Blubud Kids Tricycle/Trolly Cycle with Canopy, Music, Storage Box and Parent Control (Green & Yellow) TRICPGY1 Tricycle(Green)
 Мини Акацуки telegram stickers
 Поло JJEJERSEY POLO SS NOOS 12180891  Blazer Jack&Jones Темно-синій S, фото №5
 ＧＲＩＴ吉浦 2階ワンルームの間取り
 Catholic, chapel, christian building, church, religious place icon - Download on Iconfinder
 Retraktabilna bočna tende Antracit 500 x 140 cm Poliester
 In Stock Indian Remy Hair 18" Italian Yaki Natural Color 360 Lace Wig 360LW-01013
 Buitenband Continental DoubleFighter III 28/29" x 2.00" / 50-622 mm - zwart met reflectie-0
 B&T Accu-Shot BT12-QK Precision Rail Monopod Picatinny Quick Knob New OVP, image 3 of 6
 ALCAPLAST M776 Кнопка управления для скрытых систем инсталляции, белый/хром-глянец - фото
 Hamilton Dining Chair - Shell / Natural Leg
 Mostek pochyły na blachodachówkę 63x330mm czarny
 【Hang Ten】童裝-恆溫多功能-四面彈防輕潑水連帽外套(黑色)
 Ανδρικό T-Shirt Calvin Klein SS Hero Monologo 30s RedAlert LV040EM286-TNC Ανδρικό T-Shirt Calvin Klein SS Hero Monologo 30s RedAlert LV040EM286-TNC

============================================================

WHAT THE TASK REQUIRES. An exact, complete copy of the lines above from the one with "Поло JJEJERSEY POLO" through the one with "In Stock Indian" is the whole answer.

REPLY TO THE EXERCISE.
 Поло JJEJERSEY POLO SS NOOS 12180891  Blazer Jack&Jones Темно-синій S, фото №5
 ＧＲＩＴ吉浦 2階ワンルームの間取り
 Catholic, chapel, christian building, church, religious place icon - Download on Iconfinder
 Retraktabilna bočna tende Antracit 500 x 140 cm Poliester
 In Stock Indian Remy Hair 18" Italian Yaki Natural Color 360 Lace Wig 360LW-01013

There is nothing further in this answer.